Court Ordered Apology in Sexual Assault Case

Court Orders a Letter of Apology in Sexual Assault Case

court-ordered-letter-of-apology“K.H-H” was a 17 year old juvenile male charged with two counts of Assault 4 with Sexual Motivation. He forced himself on a female acquaintance, “C.R.”, who attended the same high school.  There was a second incident involving a different girl.  The court adjudicated K.H-H. guilty involving C.R., but not guilty regarding the other girl.

When K.H-H. was sentenced, the state requested the court order K.H-H. to give C.R. a “sincere written apology.”   The state defined sincerity as “meaning an admission that he did what he was accused of and…is sorry he put her in that position.”

K.H-H.’s defense attorney objected, insisting K.H-H. has the right to control his speech.

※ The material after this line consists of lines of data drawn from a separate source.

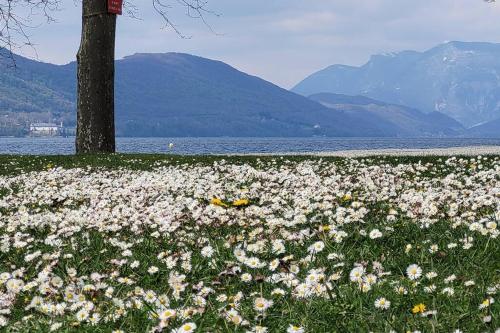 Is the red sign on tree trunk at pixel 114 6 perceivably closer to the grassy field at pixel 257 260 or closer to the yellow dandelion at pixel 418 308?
the grassy field at pixel 257 260

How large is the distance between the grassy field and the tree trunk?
11194mm

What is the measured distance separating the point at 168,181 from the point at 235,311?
7875mm

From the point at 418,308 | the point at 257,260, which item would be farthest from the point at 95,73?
the point at 418,308

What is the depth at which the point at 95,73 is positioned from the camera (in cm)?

The court ordered the letter of apology and that it be “approved by K.H-H.’s probation officer and the state.

K.H-H. appealed his adjudication and sentence. Regarding the apology letter, he argued such a letter violated his First Amendment right to be free from compelled speech.  The Washington State Court of Appeals affirmed the sentence, finding the apology letter permissible under a federal case, U.S. v. Clark, 918 F.2d 843 (9th Cir. 1990), because the apology letter served a compelling state interest in rehabilitating juvenile offenders.  The Washington State Supreme Court granted review of K.H-H.’s case, believing it involved a legal question never before addressed: whether a juvenile defendant could be ordered to write a letter of apology.

The Washington State Supreme Court, while acknowledging that a “forced apology involves making an offender say something he does not wish to say,” nevertheless did not recognize such a letter as compelled speech, because a “letter of apology demonstrates a recognition and acceptance of responsibility for harmful actions.  Such a condition is reasonably necessary for K.H-H. to recognize what he did was wrong and to acknowledge his behavior.  Additionally, an apology letter recognizes the victim’s interest in receiving an apology from the perpetrator.”  This was a 6-3 majority ruling.

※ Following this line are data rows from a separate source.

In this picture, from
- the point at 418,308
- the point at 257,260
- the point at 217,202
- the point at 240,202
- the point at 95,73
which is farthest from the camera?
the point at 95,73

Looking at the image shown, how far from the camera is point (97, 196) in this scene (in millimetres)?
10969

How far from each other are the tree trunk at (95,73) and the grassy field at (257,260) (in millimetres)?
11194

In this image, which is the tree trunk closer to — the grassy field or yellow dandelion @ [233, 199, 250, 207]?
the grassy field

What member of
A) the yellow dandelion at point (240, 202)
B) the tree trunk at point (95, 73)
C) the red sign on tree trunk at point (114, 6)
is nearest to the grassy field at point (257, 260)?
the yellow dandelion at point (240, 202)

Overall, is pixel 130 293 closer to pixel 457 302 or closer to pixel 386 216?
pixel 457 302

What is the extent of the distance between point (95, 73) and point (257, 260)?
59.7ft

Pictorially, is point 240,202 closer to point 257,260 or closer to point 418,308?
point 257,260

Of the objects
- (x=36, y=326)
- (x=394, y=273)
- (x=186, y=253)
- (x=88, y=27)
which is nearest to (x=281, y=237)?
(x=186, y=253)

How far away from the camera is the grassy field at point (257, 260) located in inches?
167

There was a strongly worded dissent by Justice McCloud, indicating that government compelled speech by K.H-H. may involve an important governmental interest of rehabilitating a juvenile, but the government must “choose a narrowly tailored means” of achieving the compelling state interest. Justice McClound wrote “Compelling a false apology for a crime the defendant denies committing is far from the least restrictive means of achieving rehabilitation.  In fact, it is probably the most ineffective way to achieve that result.”

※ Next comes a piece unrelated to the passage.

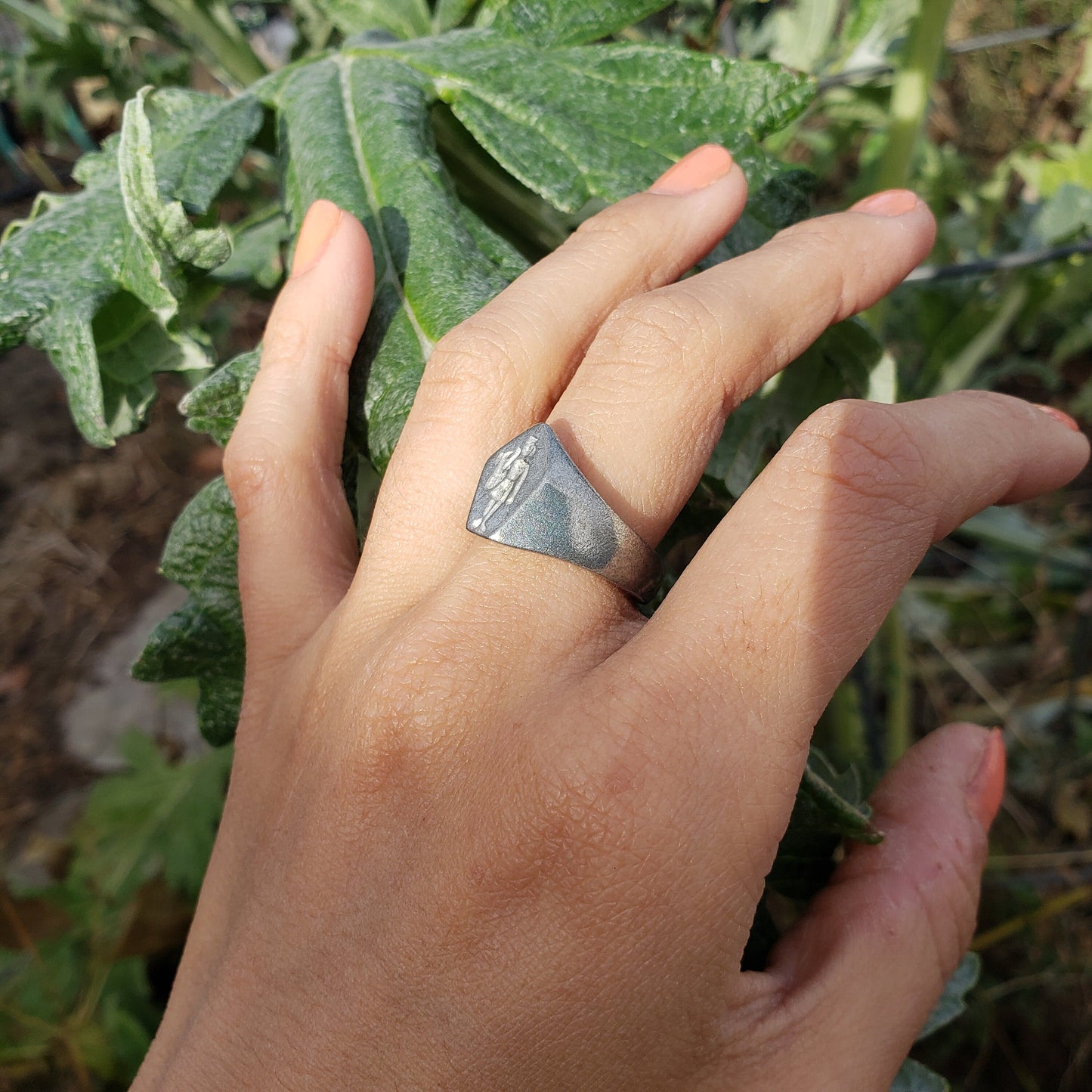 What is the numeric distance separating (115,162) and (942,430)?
43.3 inches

To have a compelled, court ordered apology by someone denying the offense, which, in this case, would have to be approved by the probation officer and the state prosecutor, is not likely going to achieve the repentance sought by the court, i.e. a “recognition and acceptance of responsibility.”   The court could have compelled counseling; that might have been a more likely agent for the sought-after change.